:: Dataset extract

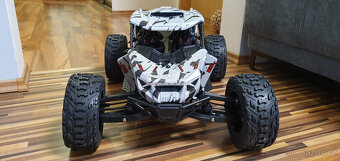Arrma Fireteam 6S BLX 1:7 4WD RTR bílá - NOVÉ - 5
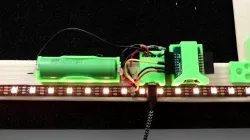 Slim 18650 Battery Holder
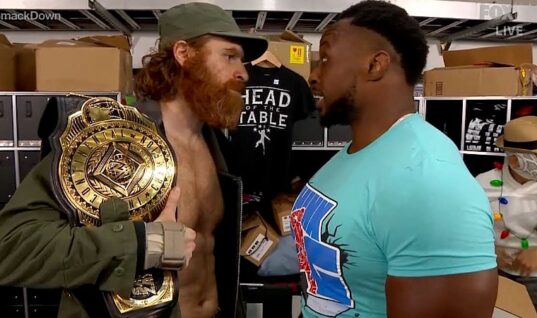 WWE Selling T-Shirt Mocking Sami Zayn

::::

◆ How to complete this task: The result should be the listing above, restated exactly, with no pictures in it.

◆ Completed task:
Arrma Fireteam 6S BLX 1:7 4WD RTR bílá - NOVÉ - 5
 Slim 18650 Battery Holder
 WWE Selling T-Shirt Mocking Sami Zayn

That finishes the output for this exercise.